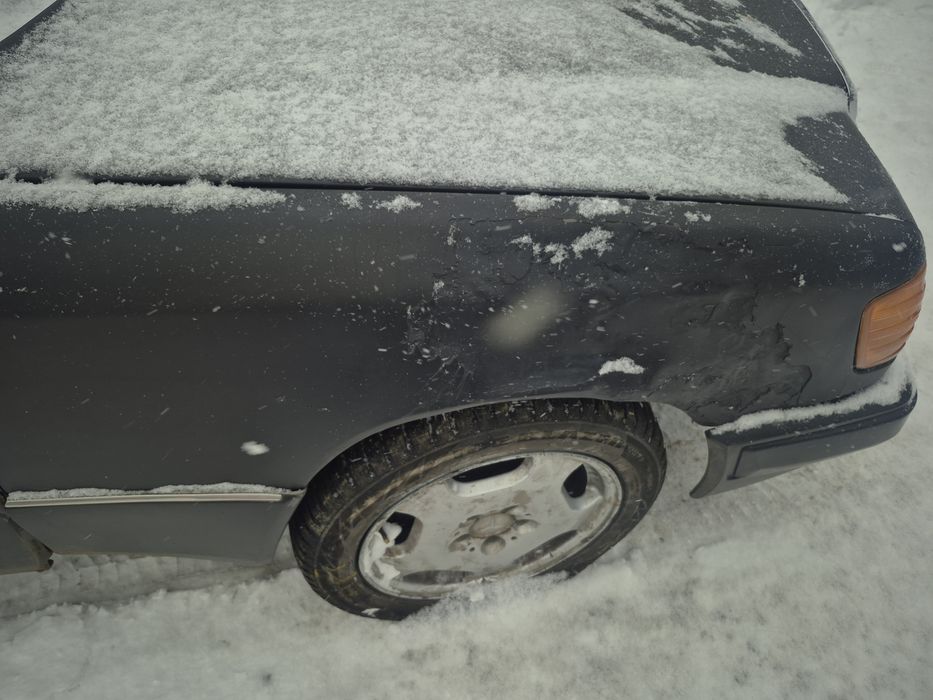 Продам Мерседес 124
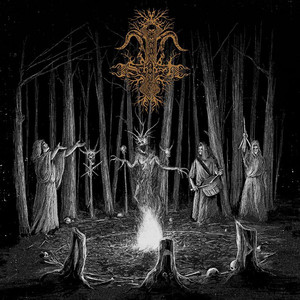 Alptraumgänger cover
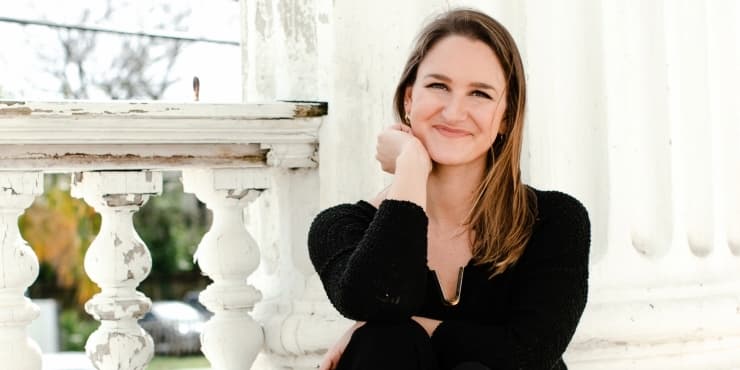 Meet the Author: Stacy Willingham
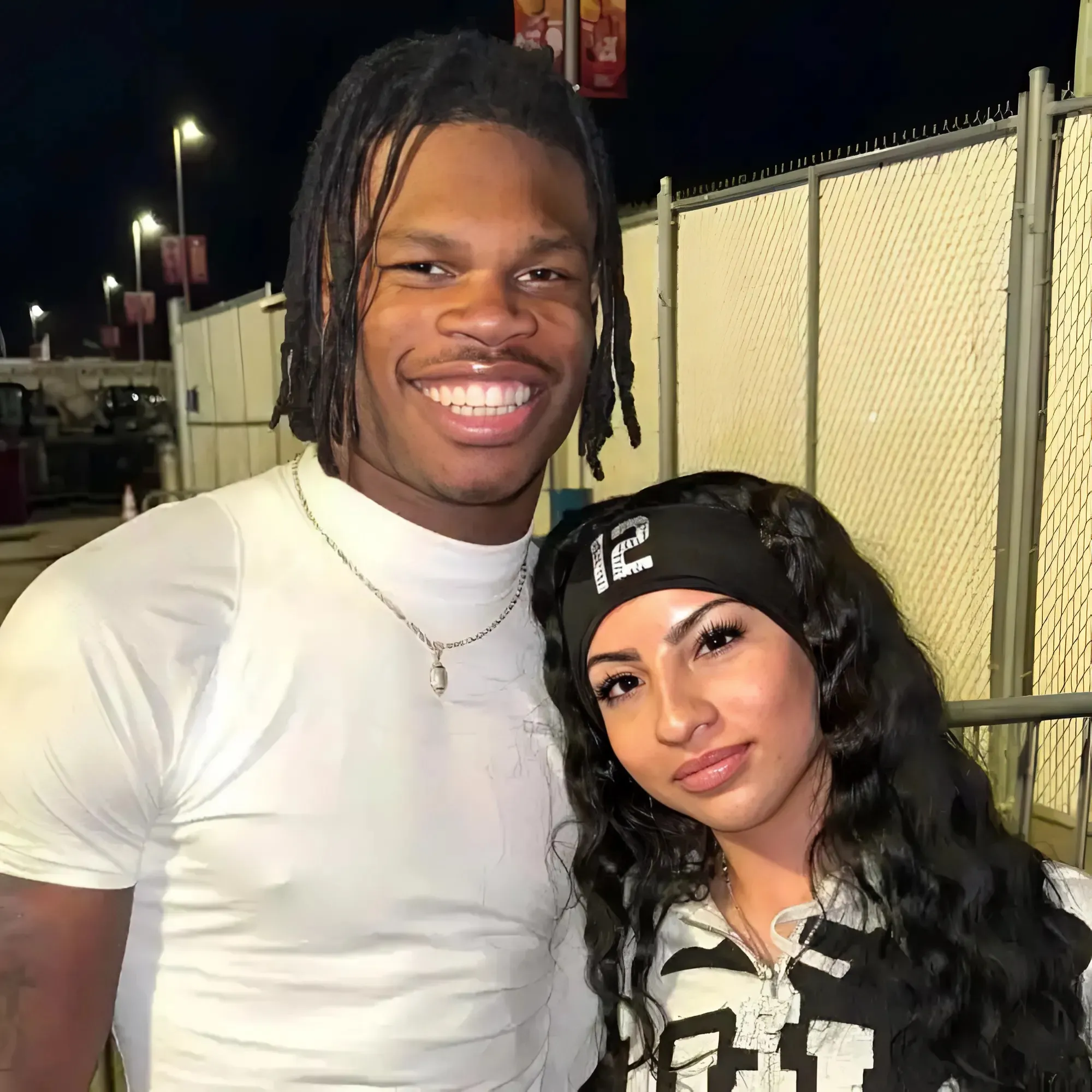 Travis Hunter Shares Photos From Wedding to Leanna Lenee After Months of Drama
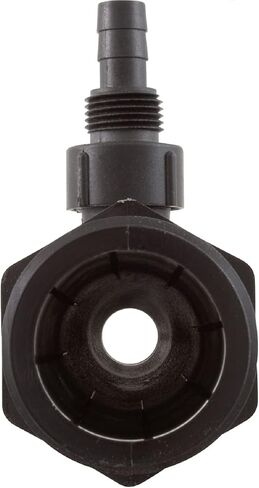 Injector, Mazzei #1584, 1-1/2"mpt, PP in Saudi Arabia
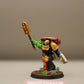 Chaplain From Indomitus OOP #71 Space Marines Warhammer 40k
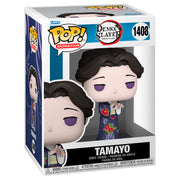 Demon Slayer: Kimetsu no Yaiba Figura POP! Animation Tamayo 9 cm
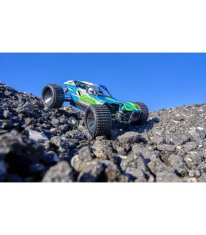 RCsale.cz Carson 1:10 Cage Buster 4 WD 2.4GHz RTR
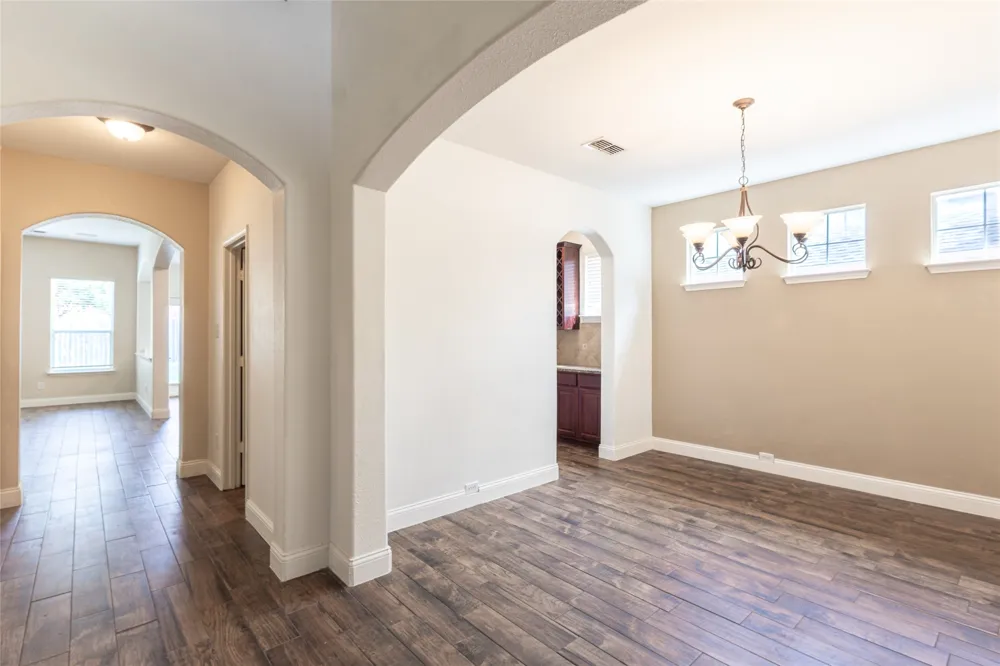 4849 Grinstein Drive Fort Worth, TX 76244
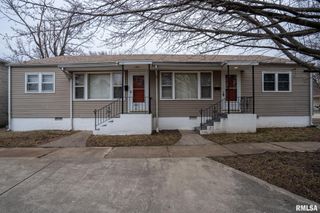 301 N 12TH Street, Herrin, IL 62948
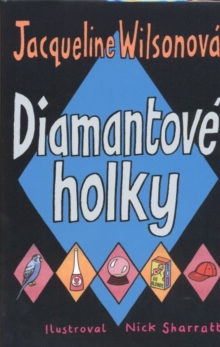 Image for Diamantove holky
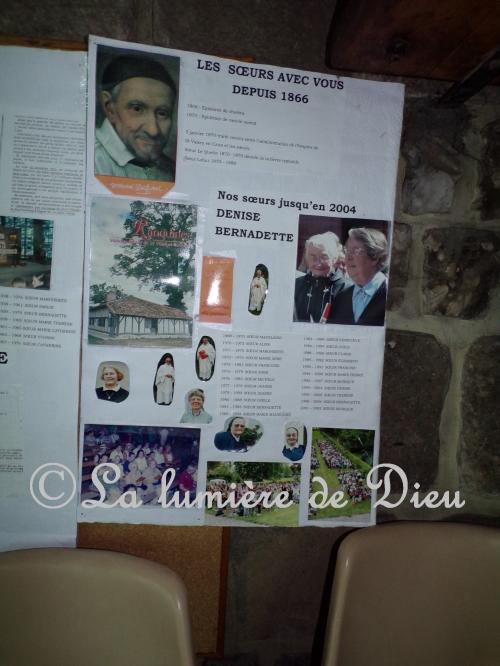 Saint Valéry en Caux, chapelle Notre-Dame du Bon Port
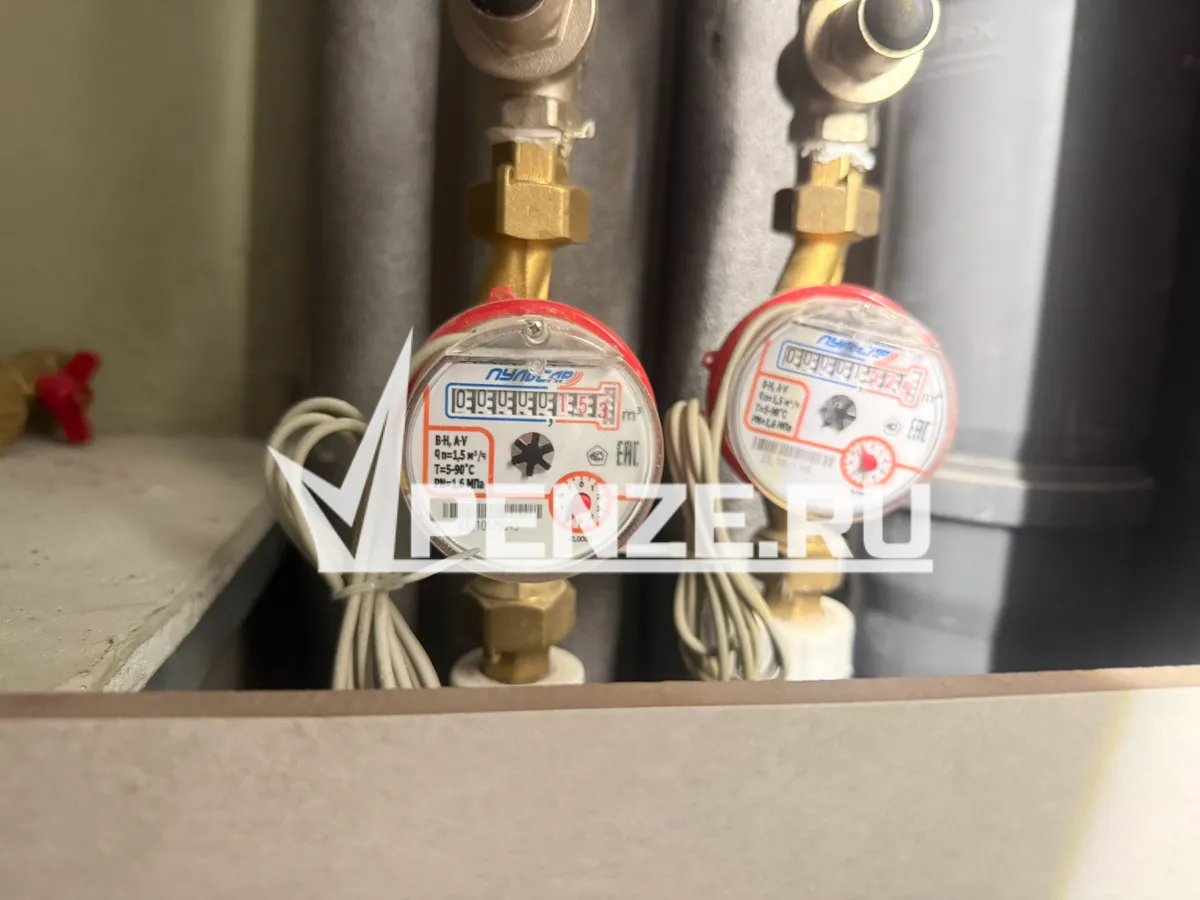 Затяните пояса потуже! Депутаты проголосовали за повышение тарифов на ХВС: чем это грозит пензенцам?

◆ ◆ ◆ ◆

## Task description
Please restate exactly the lines from the one containing "Alptraumgänger cover" down to the end of the material, both ends kept, and do not include the pictures.

## Response to this task
 Alptraumgänger cover
 Meet the Author: Stacy Willingham
 Travis Hunter Shares Photos From Wedding to Leanna Lenee After Months of Drama
 Injector, Mazzei #1584, 1-1/2"mpt, PP in Saudi Arabia
 Chaplain From Indomitus OOP #71 Space Marines Warhammer 40k
 Demon Slayer: Kimetsu no Yaiba Figura POP! Animation Tamayo 9 cm
 RCsale.cz Carson 1:10 Cage Buster 4 WD 2.4GHz RTR
 4849 Grinstein Drive Fort Worth, TX 76244
 301 N 12TH Street, Herrin, IL 62948
 Image for Diamantove holky
 Saint Valéry en Caux, chapelle Notre-Dame du Bon Port
 Затяните пояса потуже! Депутаты проголосовали за повышение тарифов на ХВС: чем это грозит пензенцам?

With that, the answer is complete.